Wherever a picture appears in the data below, omit it, and restate everything else word for word.

::: PROVIDED DATA

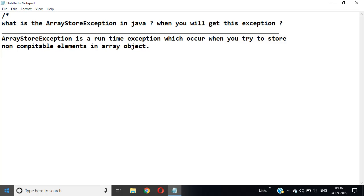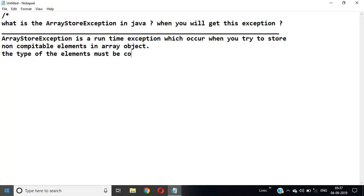ArrayStoreException तब आता है जब आप non-compatible data store करना चाहते हैं। इसका मतलब यह है कि मान लीजिए आपके पास एक string का array है और आप उसमें integer store करना चाहते हैं, तब आपको ArrayStoreException आ सकता है। The type of the element must be compatible with the type of the array object.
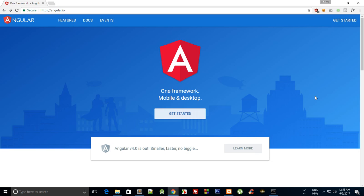Welcome to your second Angular framework tutorial. In this one, we're going to install Angular and set it up properly using Angular CLI, or Angular Command Line Interface, which makes it easy to set up your Angular framework properly in a folder without much hassle of downloading and shifting files here and there.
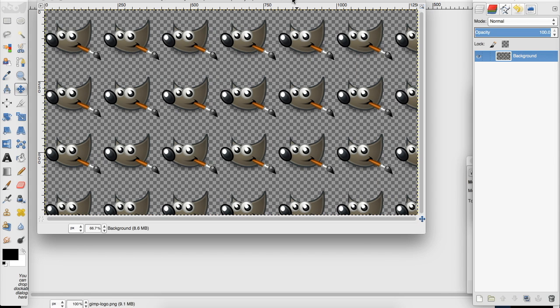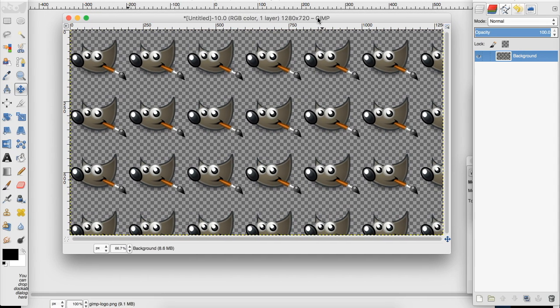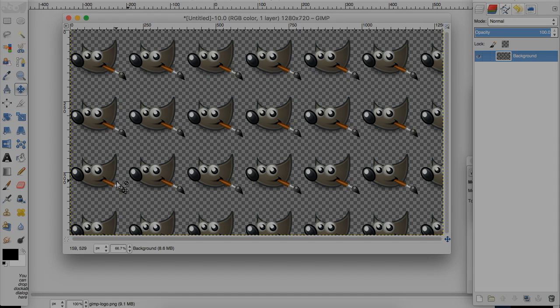You can see it tiled it perfectly and we didn't have to create each of these individually and place them. It's just really clean and nice. I hope you enjoyed this tutorial. If you did, leave me a like and subscribe. It really helps. Thank you so much for watching.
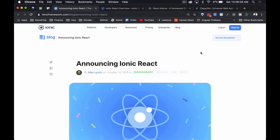Fast forward to 2019, and the front-end ecosystem looks totally different. There are so many different options available now in terms of front-end frameworks and tooling. So it didn't make as much sense for the Ionic framework to be so deeply coupled with a single framework. As any good team does, Ionic revisited their original vision and realized that creating a framework that doesn't rely on a single underlying platform makes total sense.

::::::

- _RESPONSE AREA_:
ArrayStoreException तब आता है जब आप non-compatible data store करना चाहते हैं। इसका मतलब यह है कि मान लीजिए आपके पास एक string का array है और आप उसमें integer store करना चाहते हैं, तब आपको ArrayStoreException आ सकता है। The type of the element must be compatible with the type of the array object.
Welcome to your second Angular framework tutorial. In this one, we're going to install Angular and set it up properly using Angular CLI, or Angular Command Line Interface, which makes it easy to set up your Angular framework properly in a folder without much hassle of downloading and shifting files here and there.
You can see it tiled it perfectly and we didn't have to create each of these individually and place them. It's just really clean and nice. I hope you enjoyed this tutorial. If you did, leave me a like and subscribe. It really helps. Thank you so much for watching.
Fast forward to 2019, and the front-end ecosystem looks totally different. There are so many different options available now in terms of front-end frameworks and tooling. So it didn't make as much sense for the Ionic framework to be so deeply coupled with a single framework. As any good team does, Ionic revisited their original vision and realized that creating a framework that doesn't rely on a single underlying platform makes total sense.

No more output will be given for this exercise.